The word atom comes from the Greek tomos, to cut, and a meaning not, because it was thought that atoms could not be split up. But it was later found that atoms could be split up, with electrons being the first part found, by J J Thomson in 1897 at the Cavendish Laboratory at Cambridge University (while Ernest Rutherford was there working with him).

Electrons:

  • Are a sub atomic particle.
  • Orbit the nucleus of an atom.
  • Are really really tiny and very very light weight (a mass of 9.11 * 10-31 kg).
  • Negatively charged.

The last attribute is important because a flow of electrons is electricity. Without electrons we wouldn't have electric lights (so we'd have candle-lit dinners much more often), heaters (so more homes would have fireplaces), motors (so we'd have to wash all our clothes by hand), etc.

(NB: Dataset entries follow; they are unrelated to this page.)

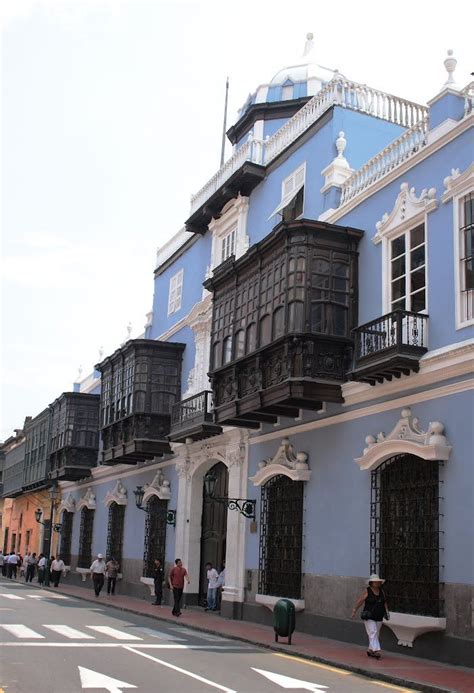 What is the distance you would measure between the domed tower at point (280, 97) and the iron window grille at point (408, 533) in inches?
514

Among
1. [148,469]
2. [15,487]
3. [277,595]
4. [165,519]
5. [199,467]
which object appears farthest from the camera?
[15,487]

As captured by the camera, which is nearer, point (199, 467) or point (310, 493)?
point (310, 493)

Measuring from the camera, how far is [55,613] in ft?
68.9

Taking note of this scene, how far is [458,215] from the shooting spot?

Each electron orbits at a particular energy level. Electrons can be excited into higher energy levels when they absorb a photon (a packet of light), or they can fall into a lower energy level by emitting a photon. The photon emitted has the energy that was needed to be lost for the electron to drop into the lower energy level, which means the photon will have a particular wavelength or colour. This is how spectral lines are made. The difference between the particular energy levels the electron is jumping between determines the energy of the photon given off, and thus the colour of the light emitted. This is how sodium has a strong pair of yellow-orange spectral lines, and why neon signs glow red.

Electron beams are used in CRTs (see below), welding, lithography, and electron microscopes.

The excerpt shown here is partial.